Samples of odorous air are collected at the source of the odour in suitable bags, then they are analysed by diluting them with fresh, odourless or ‘neutral’ air in decreasing amounts.
The analysis is carried out by presenting the sample to the panel at increasing concentrations by means of a particular dilution device called olfactometer, until the panel members can detect an odour that is different from the reference neutral air. The outcome of this measurement is the odour concentration of the sample, which is expressed in European odour units per cubic meter (ouE/m3). This represents the number of times the sample has been diluted with neutral (odourless) air to reach its odour detection threshold concentration. Thus, if the sample needs to be diluted 100 times with clean air so that the panel cannot perceive the odour anymore, this means that the sample has a concentration of 100 ouE/m3 .
What can it be used for?
In some cases, odour regulations fix concentration limits at emissions (for instance in the Region of Puglia, Italy).
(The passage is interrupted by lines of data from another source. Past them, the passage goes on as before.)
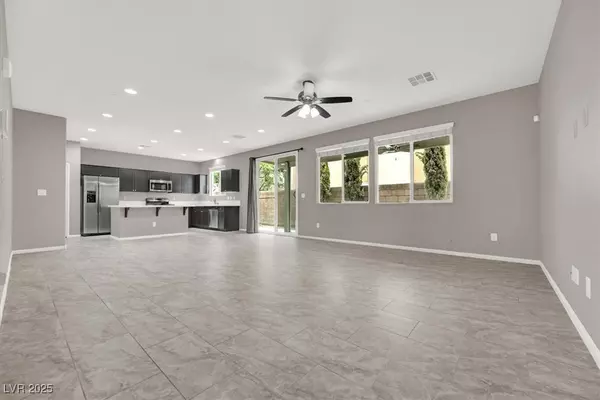 Henderson, NV 89052,3626 VIA MESSINA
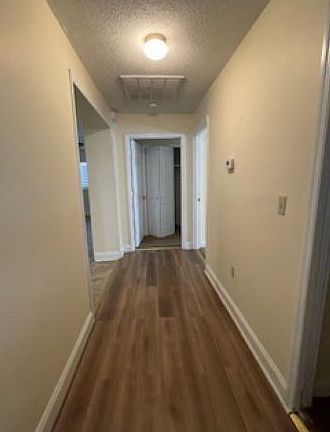 5th image of 132 Lilly St
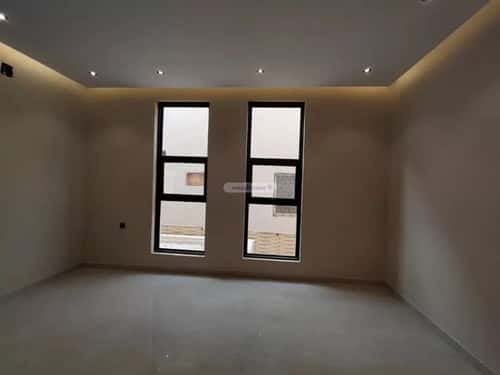 6 bedroom villa in Al Awali 11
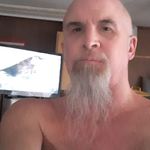 Marcus Obrien - @marcus.obrien.359 - Instagram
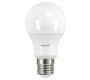 AIRAM OP 6W/827 E27 led-lamppu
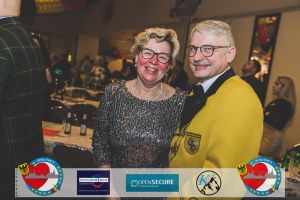 190210_400_Verleihung des Ehrentoupet-1042.jpg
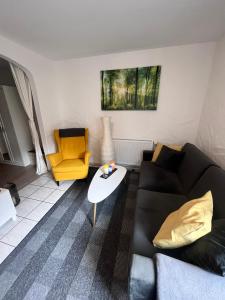 Appartement in Bad Waldsee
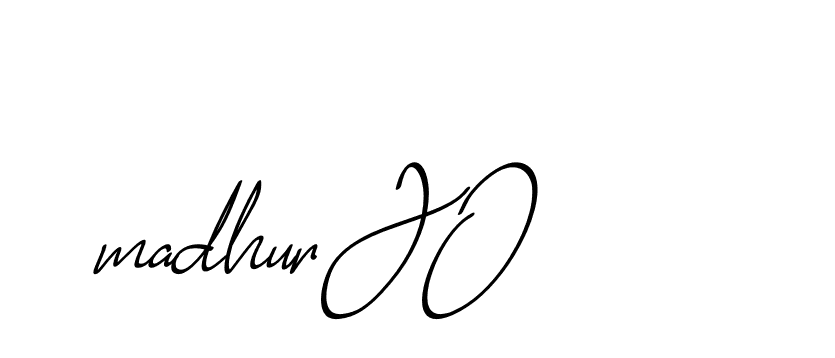 The best way (CaliforniaSunPersonalUse-lgKPq) to make a short signature is to pick only two or three words in your name. The name Ceard include a total of six letters. For converting this name. Ceard signature style 2 images and pictures png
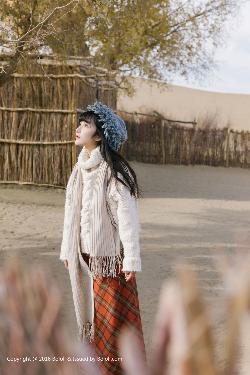 羞羞漫画在线观看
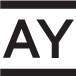 Avison Young (Canada) Inc. logo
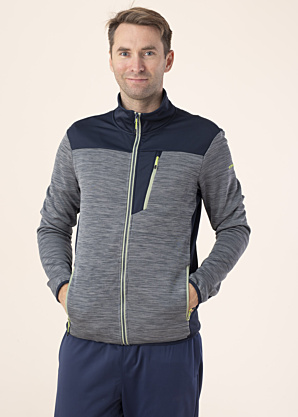 Кофта Boligee Icepeak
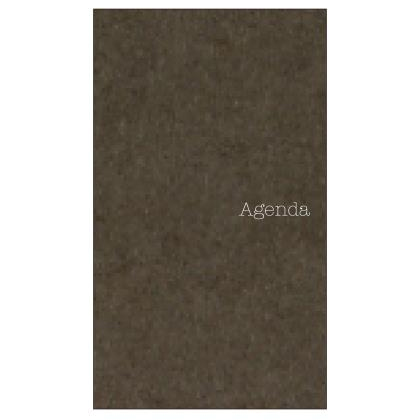 取扱終了｜ポケット ノートダイアリー2023 GRAYTONE｜111817｜商品詳細｜ノベルティ・販促品・各種記念品の専門店「ギフトイット ...
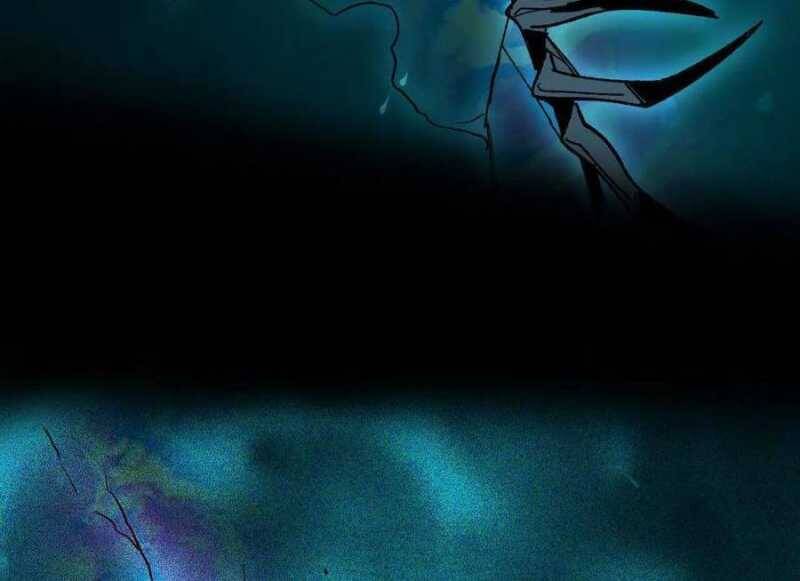 Dũng giả x nữ ma vương - Chapter 84 - Page 52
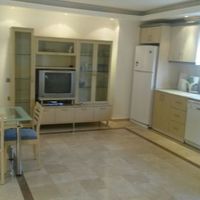 Квартира у моря в Турции, Аланья, 120 кв.м.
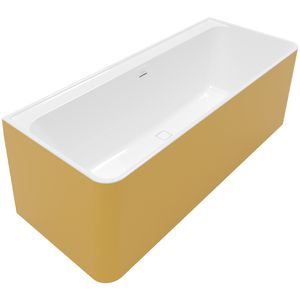 Bad back-to-wall UBA180COR9CSBCVP01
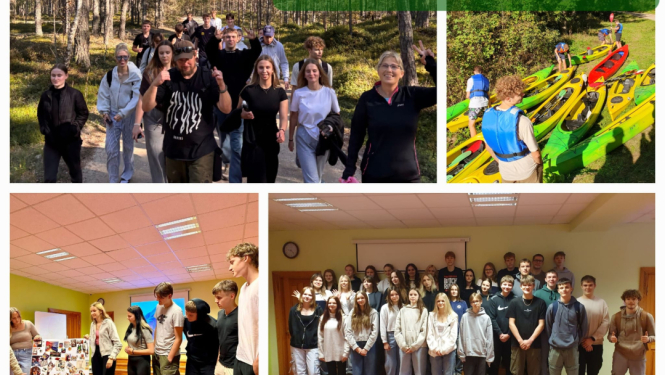 Līdzdalības maratons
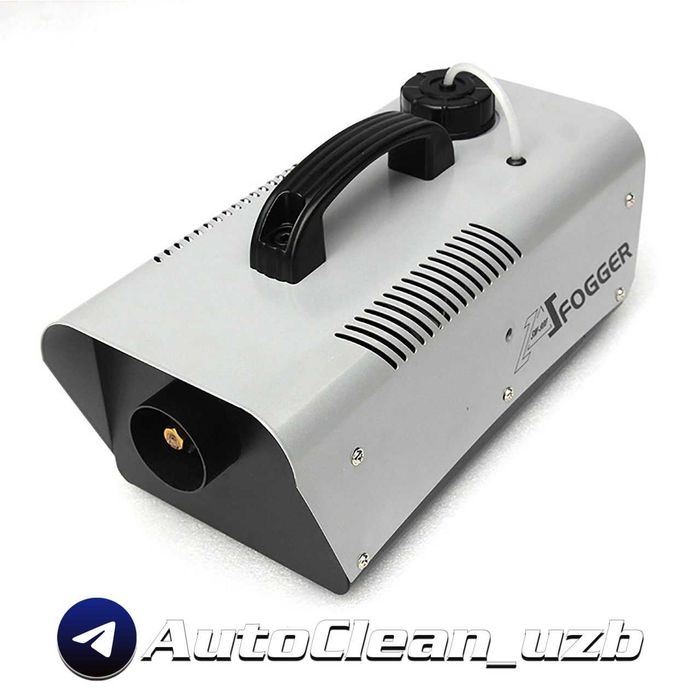 ОПТОМ Запчасть Fogger туманка Матор, насос, Тент, термостат. Сам Мойка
In such cases dynamic olfactometry can be used to ascertain if regulations are being breached.
This is currently the preferred way in most countries to evaluate odour impacts caused by different odour emitting activities on the surrounding communities.
What can it NOT be used for?
Dynamic olfactometry is a discontinuous measurement method, since samples are collected at the source in a precise moment and then transported and analysed in a lab. For this reason, it cannot be used to continuously monitor odour emissions.
Dynamic olfactometry cannot be used to gain information about odour quality, thus it cannot identify odours or distinguish between different odours.
Dynamic olfactometry provides information about odour emissions. Thus , it cannot give information about the presence of odours in ambient air (immissions). For this purpose, data from olfactometric analysis should be combined with meteorological and geographical information in a specific dispersion model.